-- Opening Marker --
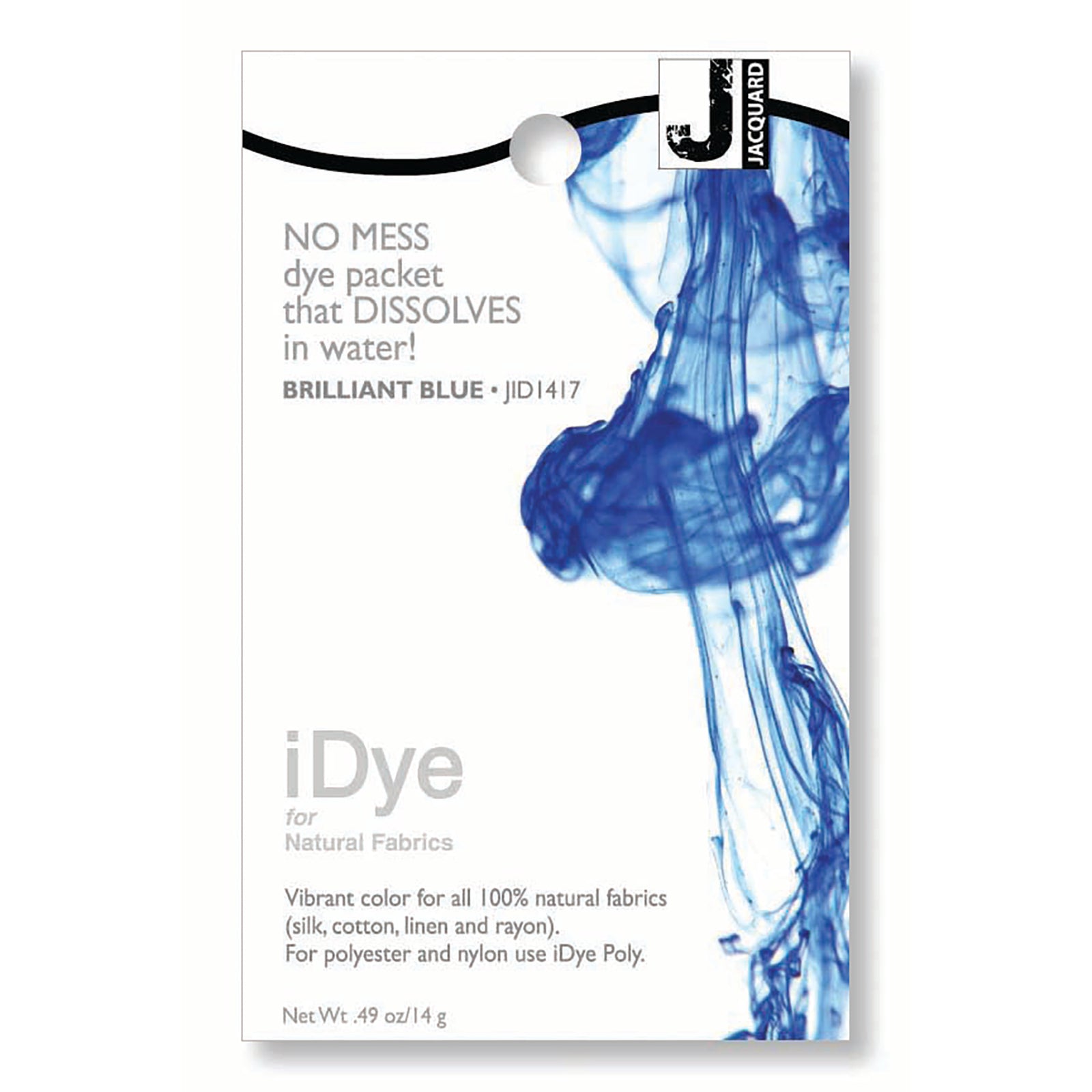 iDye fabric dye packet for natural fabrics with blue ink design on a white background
-- Closing Marker --
-- Opening Marker --
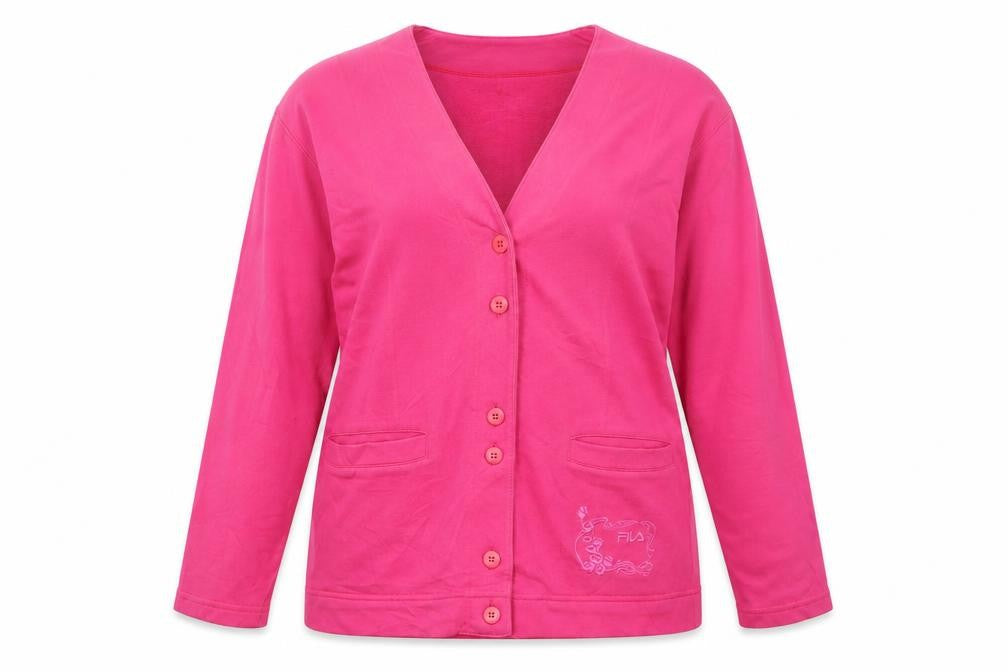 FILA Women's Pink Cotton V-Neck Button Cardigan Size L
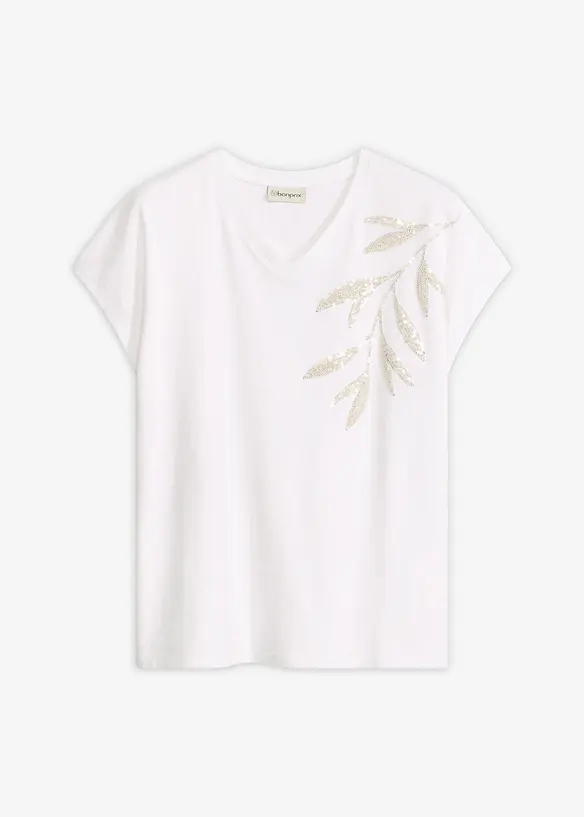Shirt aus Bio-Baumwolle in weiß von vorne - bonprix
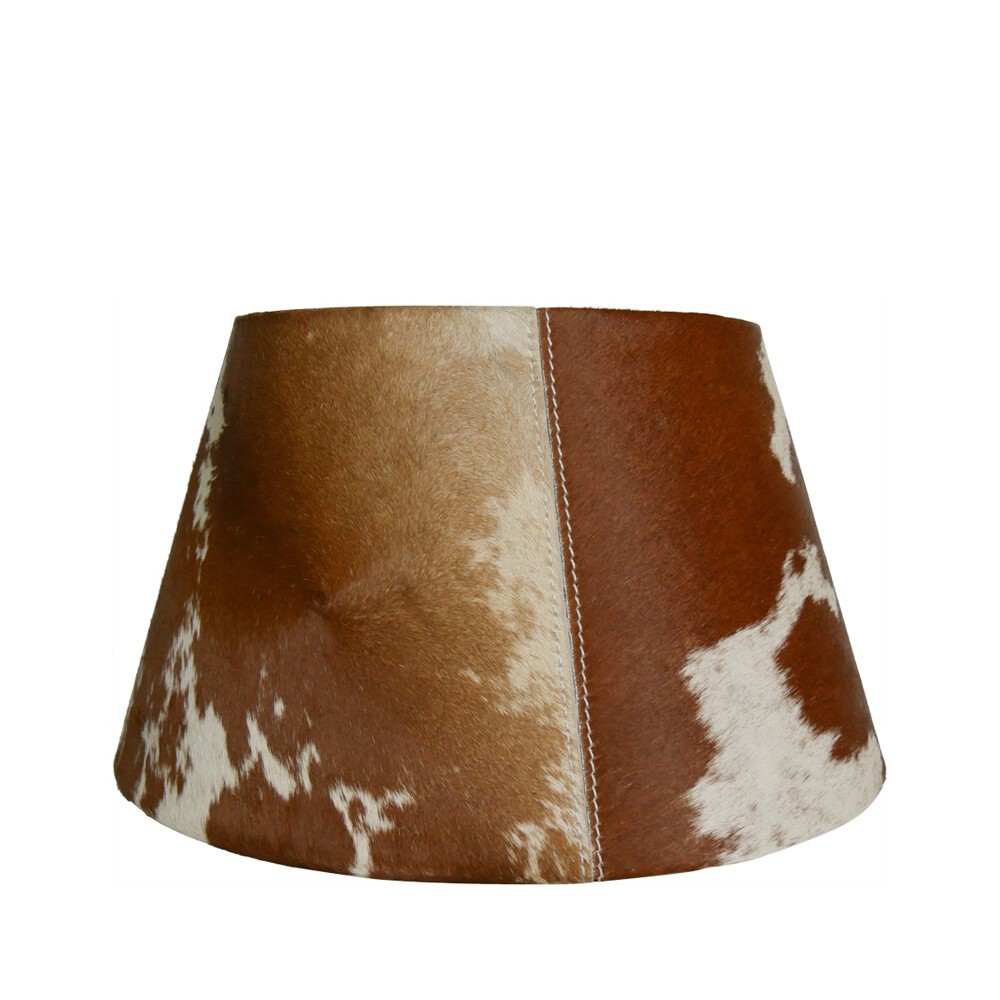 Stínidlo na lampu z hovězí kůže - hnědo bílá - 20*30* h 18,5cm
-- Closing Marker --
> _WHAT IS EXPECTED_
Output exactly, and only, the lines of the entries above from the one with "FILA Women's Pink" up to and including the one with "Stínidlo na lampu"; pictures are to be left out.

> _ANSWER FOR THIS EXERCISE_
 FILA Women's Pink Cotton V-Neck Button Cardigan Size L
Shirt aus Bio-Baumwolle in weiß von vorne - bonprix
 Stínidlo na lampu z hovězí kůže - hnědo bílá - 20*30* h 18,5cm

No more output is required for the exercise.